When one party has in his possession the best evidence and fails to produce it when duly requested, the other party to the suit may present secondary evidence, and there are no degrees recognized in this case as to the secondary evidence. While a written copy of a contract or letter may exist and may seem better, nevertheless oral testimony is admissible as to the contents of the letter. The written copy will doubtless be more convincing to a jury, more effective in weight; the oral testimony is equally competent and will be accepted by the judge as evidence, the jury to determine its weight.

Inadmissible to Contradict Writing. The rule is general that, in the case of a written contract which is not ambiguous, it is inadmissible to vary, contradict, or modify it by oral, or "parole," evidence of anything which occurred at or before the time it was executed. This has been the law in England since 1771.

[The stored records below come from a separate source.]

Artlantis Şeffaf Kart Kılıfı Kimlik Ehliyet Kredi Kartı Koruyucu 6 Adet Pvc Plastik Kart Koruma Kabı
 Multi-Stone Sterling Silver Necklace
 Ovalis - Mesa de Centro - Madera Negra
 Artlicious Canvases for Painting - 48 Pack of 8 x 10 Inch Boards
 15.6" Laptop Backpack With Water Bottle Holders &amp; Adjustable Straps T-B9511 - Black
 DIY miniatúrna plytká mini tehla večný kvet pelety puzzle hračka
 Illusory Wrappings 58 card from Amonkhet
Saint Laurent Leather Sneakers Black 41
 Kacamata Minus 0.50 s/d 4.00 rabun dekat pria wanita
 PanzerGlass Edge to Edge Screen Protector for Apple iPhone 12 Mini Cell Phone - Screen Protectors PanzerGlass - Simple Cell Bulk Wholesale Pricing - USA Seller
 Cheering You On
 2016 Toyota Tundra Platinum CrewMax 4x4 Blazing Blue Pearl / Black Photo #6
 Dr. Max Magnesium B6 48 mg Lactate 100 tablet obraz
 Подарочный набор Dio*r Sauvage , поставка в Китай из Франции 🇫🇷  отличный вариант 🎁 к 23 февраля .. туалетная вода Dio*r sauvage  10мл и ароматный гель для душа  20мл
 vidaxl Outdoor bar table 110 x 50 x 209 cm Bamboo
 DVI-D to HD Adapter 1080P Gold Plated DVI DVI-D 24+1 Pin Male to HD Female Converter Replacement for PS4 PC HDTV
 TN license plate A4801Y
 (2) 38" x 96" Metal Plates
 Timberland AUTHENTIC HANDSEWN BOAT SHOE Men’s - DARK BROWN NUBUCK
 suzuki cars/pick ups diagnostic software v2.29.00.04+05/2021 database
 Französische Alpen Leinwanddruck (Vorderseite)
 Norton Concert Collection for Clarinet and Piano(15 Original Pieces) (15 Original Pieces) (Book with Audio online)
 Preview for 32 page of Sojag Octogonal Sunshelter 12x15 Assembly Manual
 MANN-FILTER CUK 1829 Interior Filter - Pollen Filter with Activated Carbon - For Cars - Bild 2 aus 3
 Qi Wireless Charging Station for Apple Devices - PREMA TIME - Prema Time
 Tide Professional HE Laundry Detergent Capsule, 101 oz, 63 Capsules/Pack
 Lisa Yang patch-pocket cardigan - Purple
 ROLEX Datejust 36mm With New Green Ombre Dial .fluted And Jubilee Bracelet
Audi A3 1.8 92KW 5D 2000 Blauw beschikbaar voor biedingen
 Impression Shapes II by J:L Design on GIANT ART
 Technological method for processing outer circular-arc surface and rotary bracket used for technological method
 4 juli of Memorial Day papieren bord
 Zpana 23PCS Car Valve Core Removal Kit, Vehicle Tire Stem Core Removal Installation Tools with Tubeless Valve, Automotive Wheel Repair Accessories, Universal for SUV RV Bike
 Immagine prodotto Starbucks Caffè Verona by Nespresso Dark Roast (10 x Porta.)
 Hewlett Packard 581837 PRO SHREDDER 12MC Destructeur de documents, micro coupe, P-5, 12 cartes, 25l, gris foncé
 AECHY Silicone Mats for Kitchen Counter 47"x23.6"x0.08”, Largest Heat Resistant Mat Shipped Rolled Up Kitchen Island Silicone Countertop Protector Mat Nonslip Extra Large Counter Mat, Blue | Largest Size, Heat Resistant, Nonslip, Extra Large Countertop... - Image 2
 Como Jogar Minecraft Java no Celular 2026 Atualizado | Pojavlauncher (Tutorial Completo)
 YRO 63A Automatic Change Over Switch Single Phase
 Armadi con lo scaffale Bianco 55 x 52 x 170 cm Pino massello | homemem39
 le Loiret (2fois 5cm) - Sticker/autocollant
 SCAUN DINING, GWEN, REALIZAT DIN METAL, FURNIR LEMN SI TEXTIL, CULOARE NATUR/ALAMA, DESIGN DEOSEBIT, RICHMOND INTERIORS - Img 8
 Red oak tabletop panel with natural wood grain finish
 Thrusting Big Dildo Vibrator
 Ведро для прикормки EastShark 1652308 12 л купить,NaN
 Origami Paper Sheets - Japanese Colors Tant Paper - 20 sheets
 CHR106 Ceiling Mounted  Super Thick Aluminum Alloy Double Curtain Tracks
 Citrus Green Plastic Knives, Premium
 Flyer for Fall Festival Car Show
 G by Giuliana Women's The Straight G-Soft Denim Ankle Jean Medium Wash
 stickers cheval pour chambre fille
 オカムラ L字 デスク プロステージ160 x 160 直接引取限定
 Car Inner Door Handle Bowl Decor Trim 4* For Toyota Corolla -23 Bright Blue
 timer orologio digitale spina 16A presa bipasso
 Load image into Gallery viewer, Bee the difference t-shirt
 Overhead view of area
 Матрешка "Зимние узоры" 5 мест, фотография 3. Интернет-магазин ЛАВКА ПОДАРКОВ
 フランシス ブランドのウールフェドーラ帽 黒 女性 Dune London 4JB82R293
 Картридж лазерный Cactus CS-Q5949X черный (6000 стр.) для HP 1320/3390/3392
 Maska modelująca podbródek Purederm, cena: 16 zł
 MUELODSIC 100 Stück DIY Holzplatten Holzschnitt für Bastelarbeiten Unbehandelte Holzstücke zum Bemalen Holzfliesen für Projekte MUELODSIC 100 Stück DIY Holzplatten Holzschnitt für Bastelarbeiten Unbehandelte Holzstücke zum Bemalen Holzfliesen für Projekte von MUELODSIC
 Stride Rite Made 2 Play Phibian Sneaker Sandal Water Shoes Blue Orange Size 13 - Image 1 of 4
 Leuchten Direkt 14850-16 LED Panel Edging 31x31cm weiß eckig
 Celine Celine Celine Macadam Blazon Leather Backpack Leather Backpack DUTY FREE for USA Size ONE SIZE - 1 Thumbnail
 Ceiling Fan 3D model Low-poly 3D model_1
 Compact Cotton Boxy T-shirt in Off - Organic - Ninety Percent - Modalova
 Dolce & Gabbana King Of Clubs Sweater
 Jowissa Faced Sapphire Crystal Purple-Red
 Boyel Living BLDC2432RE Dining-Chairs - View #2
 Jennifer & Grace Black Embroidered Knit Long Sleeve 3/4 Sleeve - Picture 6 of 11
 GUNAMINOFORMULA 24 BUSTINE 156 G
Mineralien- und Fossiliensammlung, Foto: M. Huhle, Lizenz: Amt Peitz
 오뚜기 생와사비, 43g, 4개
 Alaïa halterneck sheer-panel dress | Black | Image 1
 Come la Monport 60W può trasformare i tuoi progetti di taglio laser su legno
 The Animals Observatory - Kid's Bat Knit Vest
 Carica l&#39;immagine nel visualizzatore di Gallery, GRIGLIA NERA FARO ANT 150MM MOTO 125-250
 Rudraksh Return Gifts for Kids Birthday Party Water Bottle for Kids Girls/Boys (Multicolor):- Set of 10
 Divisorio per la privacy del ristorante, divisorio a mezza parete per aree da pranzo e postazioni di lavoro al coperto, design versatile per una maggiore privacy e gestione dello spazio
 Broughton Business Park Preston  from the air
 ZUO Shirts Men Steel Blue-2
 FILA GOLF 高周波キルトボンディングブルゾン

In case of apparent ambiguity, the court will construe it if possible and find its correct and harmonious meaning, and may allow some oral testimony as to the technical meaning of words or terms if that will assist. In the building trades there are technical practices, such as allowances for openings for doors and windows in computing the payment for brickwork or masonry, and if not covered clearly by contract, oral testimony may be allowable to establish what is the custom. Similarly, oral testimony might be admissible to determine whether or not the prismoidal method should be used in earthwork computation.

Writing is Best Evidence. As has been stated, in proving the contents of a contract or other writing, the best evidence is the writing itself and this must be produced. Where any documentary evidence is not within the control of a party to a suit who desires its introduction, a reasonable notice to produce it should be served upon the other party to the suit (if in his control); or if in the hands of some third party, a subpœna duces tecum should be served, a summons to attend the trial and bring the desired documents. A failure of the attempt to obtain

them in this way (faithfully made) allows the introduction of secondary evidence, such as the copy-book page, or the carbon copy of a letter, or sometimes as a last resort even oral testimony as to the contents of the document. Before the secondary evidence will be allowed, however, the document must be proved to be in the hands of the other party or hopelessly lost, or to be beyond the jurisdiction of the court.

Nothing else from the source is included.